SKP Dipangkas, Investasi Hilir Migas Lebih Menarik

Kamis, 15 Maret 2018 - Dibaca 3407 kali

Jakarta, Pemerintah menghapuskan kewajiban Surat Keterangan Penyalur (SKP) BBM, LPG maupun BBG. Badan Usaha Niaga Umum BBM hanya wajib melaporkan penunjukan Penyalur kepada Menteri ESDM setiap bulannya. Dengan pemangkasan birokrasi ini, Pemerintah optimis investasi di hilir migas akan semakin menarik.

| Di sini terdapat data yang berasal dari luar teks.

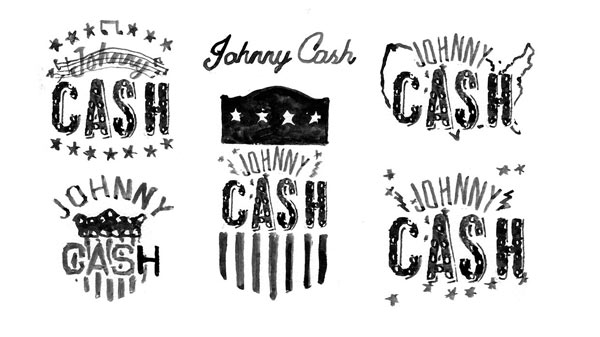 Johnny Cash graphics by Glenn Wolk for Bravado Universal.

Penghapusan SKP tertuang dalam Peraturan Menteri ESDM Nomor 13 Tahun 2018 tentang Kegiatan Penyaluran Bahan Bakar Minyak, Bahan Bakar Gas dan Liquefied Petroleum Gas yang diteken Menteri ESDM Ignasius Jonan tanggal 21 Februari 2018.

"Sesuai Permen ESDM 13 Tahun 2018 tersebut, Badan Usaha Niaga Umum BBM hanya wajib melaporkan penunjukan Penyalur kepada Menteri ESDM melalui Direktur Jenderal Migas dan Badan Pengatur Hilir Migas setiap bulan. Penyalur yang telah ditunjuk oleh Badan Usaha Niaga Migas dapat menyalurkan BBM, BBG dan LPG setelah adanya Surat Perjanjian Kerjasama dengan Badan Usaha Pemegang Izin Usaha Niaga Migas," papar Direktur Pembinaan Usaha Hilir Migas Harya Adityawarman dalam acara Sosialisasi Peraturan Menteri ESDM Nomor 13 Tahun 2018 tentang Kegiatan Penyaluran Bahan Bakar Minyak, Bahan Bakar Gas dan Liquefied Petroleum Gas di Auditorium Migas, Kamis (15/3).

Dengan adanya pemangkasan SKP ini, menurut Harya, akan memudahkan badan usaha untuk melakukan kegiatan bisnisnya karena rantai birokrasi kini menjadi lebih pendek. "Kalau badan usaha sudah pasti lebih senang tidak ada SKP. Rantai birokrasinya yang harusnya dia mengurus SKP, sekarang dengan adanya surat kerja sama, sudah bisa melakukan kegiatan (bisnis)," katanya.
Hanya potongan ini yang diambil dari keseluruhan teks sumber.